Only the lines below, from the one with "27歲美妝博主自述被家中液化氣泄漏燒傷后毀容" through the one with "Рентгенограмма, МРТ при", are to be written out, exactly.

[Provided data — start]

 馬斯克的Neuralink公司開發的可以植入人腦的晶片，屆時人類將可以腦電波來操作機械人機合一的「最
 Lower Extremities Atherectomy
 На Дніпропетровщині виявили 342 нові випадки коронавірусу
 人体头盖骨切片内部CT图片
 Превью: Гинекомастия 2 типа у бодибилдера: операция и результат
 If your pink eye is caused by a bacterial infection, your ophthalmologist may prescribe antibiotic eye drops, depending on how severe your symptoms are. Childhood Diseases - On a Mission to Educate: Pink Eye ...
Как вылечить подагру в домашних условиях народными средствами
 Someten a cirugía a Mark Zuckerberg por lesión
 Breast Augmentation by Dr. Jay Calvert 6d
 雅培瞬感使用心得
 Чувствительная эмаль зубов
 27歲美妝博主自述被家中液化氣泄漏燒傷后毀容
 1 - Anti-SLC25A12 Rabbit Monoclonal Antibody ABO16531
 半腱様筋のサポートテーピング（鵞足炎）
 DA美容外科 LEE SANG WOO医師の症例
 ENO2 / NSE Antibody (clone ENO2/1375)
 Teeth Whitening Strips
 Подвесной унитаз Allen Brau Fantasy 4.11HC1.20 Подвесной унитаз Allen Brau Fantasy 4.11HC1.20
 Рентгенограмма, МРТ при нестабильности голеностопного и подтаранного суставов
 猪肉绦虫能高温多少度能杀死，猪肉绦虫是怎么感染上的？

[Provided data — finish]

• **Your solution**
 27歲美妝博主自述被家中液化氣泄漏燒傷后毀容
 1 - Anti-SLC25A12 Rabbit Monoclonal Antibody ABO16531
 半腱様筋のサポートテーピング（鵞足炎）
 DA美容外科 LEE SANG WOO医師の症例
 ENO2 / NSE Antibody (clone ENO2/1375)
 Teeth Whitening Strips
 Подвесной унитаз Allen Brau Fantasy 4.11HC1.20 Подвесной унитаз Allen Brau Fantasy 4.11HC1.20
 Рентгенограмма, МРТ при нестабильности голеностопного и подтаранного суставов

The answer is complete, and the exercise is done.